The optimum size is achieved when all the internal economies of scale such as division of labour, use of specialised machinery, managerial advantage of large scale production etc. are being fully enjoyed by the firm and the internal diseconomies of scale have not yet started accruing to it.
It is worth noting that in the determination of optimum size, the state of technology and methods of organizing business remain unchanged. In Fig. 1 optimum firm is one that has set up a plant represented by short-run average cost curve SAC4 and operating at the minimum point P on it and producing output OQ.
It is clear from Fig. 1 that in the continuous long-run average cost curve both for outputs less than OQ and more than OQ no plant is used at its point of minimum average cost. It is only the plant, the minimum point of whose short-run average cost curve coincides with the minimum point of the long-run average cost curve, which is operated at the point of minimum point of its short-run average cost curve. In Fig. 1 for producing output OQ, the plant of SAC4 is being utilized to produce its optimum output OQ, that is to say, it is being used at its full capacity.
It should be noted that in Fig. 1 the plant of SAC4 is optimum plant, since its minimum cost of production is the lowest of the minimum costs of all other plants. If the size of the plant is increased beyond SAC4, it results in higher average cost of production.
Similarly, if the size of the plant is smaller than SAC4, average cost of production is higher. Further, the least-cost output, or in other words, the optimum output of the plant SAC4 is OQ. Now, if the firm produces output OQ with the optimum plant SAC4, it is said to have achieved the optimum size.
Thus, an optimum firm is that firm which is producing optimum output (i.e., least-cost output) with the optimum plant.
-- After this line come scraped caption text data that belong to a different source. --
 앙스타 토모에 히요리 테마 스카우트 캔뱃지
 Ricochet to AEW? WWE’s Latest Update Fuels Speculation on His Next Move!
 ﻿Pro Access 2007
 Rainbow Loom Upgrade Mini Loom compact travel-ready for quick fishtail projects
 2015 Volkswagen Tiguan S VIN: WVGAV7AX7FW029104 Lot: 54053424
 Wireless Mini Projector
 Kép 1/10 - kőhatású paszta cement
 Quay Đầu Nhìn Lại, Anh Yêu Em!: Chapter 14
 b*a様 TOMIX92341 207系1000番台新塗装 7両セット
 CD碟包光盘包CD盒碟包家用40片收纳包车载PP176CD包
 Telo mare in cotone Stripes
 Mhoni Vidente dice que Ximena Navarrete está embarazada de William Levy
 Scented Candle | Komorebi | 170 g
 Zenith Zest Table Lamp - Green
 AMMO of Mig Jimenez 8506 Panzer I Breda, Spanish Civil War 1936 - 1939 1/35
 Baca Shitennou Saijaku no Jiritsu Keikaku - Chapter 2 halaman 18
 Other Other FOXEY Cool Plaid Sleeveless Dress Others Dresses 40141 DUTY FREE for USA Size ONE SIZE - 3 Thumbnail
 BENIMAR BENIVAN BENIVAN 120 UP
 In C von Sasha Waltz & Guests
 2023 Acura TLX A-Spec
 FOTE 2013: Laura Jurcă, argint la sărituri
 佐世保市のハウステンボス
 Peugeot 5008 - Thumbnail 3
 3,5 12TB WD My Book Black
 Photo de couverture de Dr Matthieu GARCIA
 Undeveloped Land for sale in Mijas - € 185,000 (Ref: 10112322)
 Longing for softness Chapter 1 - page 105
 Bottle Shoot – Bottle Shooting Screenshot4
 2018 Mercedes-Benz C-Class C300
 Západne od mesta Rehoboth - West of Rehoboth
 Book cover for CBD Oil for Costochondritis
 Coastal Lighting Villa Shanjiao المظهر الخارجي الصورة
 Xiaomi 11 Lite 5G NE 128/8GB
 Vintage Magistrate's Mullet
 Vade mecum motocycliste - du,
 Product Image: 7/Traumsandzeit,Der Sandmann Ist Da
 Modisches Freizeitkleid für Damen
In our Fig. 1 the firm is of optimum size if it employs plant SAC4 and uses it to produce OQ. Since the point of minimum cost of the optimum plant SAC4 coincides with the minimum point of the long-run average cost curve, the optimum firm can also be defined as one which produces at the minimum point of the long-run average cost curve (LAC).
The optimum size of the firm varies a great deal in different industries. In agriculture, extractive industries, wholesale and retail trade, optimum size is relatively small, that is, the minimum point of the long-run average cost curve is reached at a comparatively small output.
Fig. 2 shows a firm whose optimum size is relatively small. On the other hand, the optimum size of the firm in steel industry, automobile industry, other heavy industries and public utilities is relatively very large, that is, the minimum point of their long-run average cost curve is reached at a relatively very large output. Fig. 3 depicts a firm whose optimum size is very large. In the industry in which the optimum size of the firm is very large, there are generally a few numbers of firms, each with a large size.